The warning looks like the output you get when using the docker login stuff here. If I follow these steps to register to the directory with tensorflow container it says login success
Invoke-Expression -Command (aws ecr get-login --no-include-email --registry-ids 520713654638 --region eu-west-2)
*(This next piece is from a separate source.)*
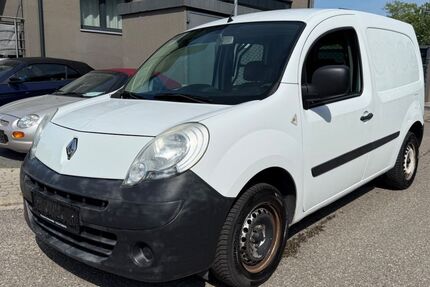 Renault Kangoo 134.300 km 4.999 € Kronau 76709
WARNING! Using --password via the CLI is insecure. Use --password-stdin.
Login Succeeded
But then I still cannot pull it
docker pull 520713654638.dkr.ecr.eu-west-2.amazonaws.com/sagemaker-tensorflow-scriptmode:1.11.0-cpu-py3
Error response from daemon: pull access denied for 520713654638.dkr.ecr.eu-west-2.amazonaws.com/sagemaker-tensorflow-scriptmode, repository does not exist or may require 'docker login'
Upvotes: 3
Views: 2948
Reputation: 2719
the same sequence works for me locally : 'aws ecr get-login', 'docker login', 'docker pull'.
Does your local IAM user have sufficient credentials to pull from ECR? The 'AmazonEC2ContainerRegistryReadOnly' policy should be enough: https://docs.aws.amazon.com/AmazonECR/latest/userguide/ecr_managed_policies.html
Alternatively, you can grab the container from Github and build it: https://github.com/aws/sagemaker-tensorflow-container
Upvotes: 2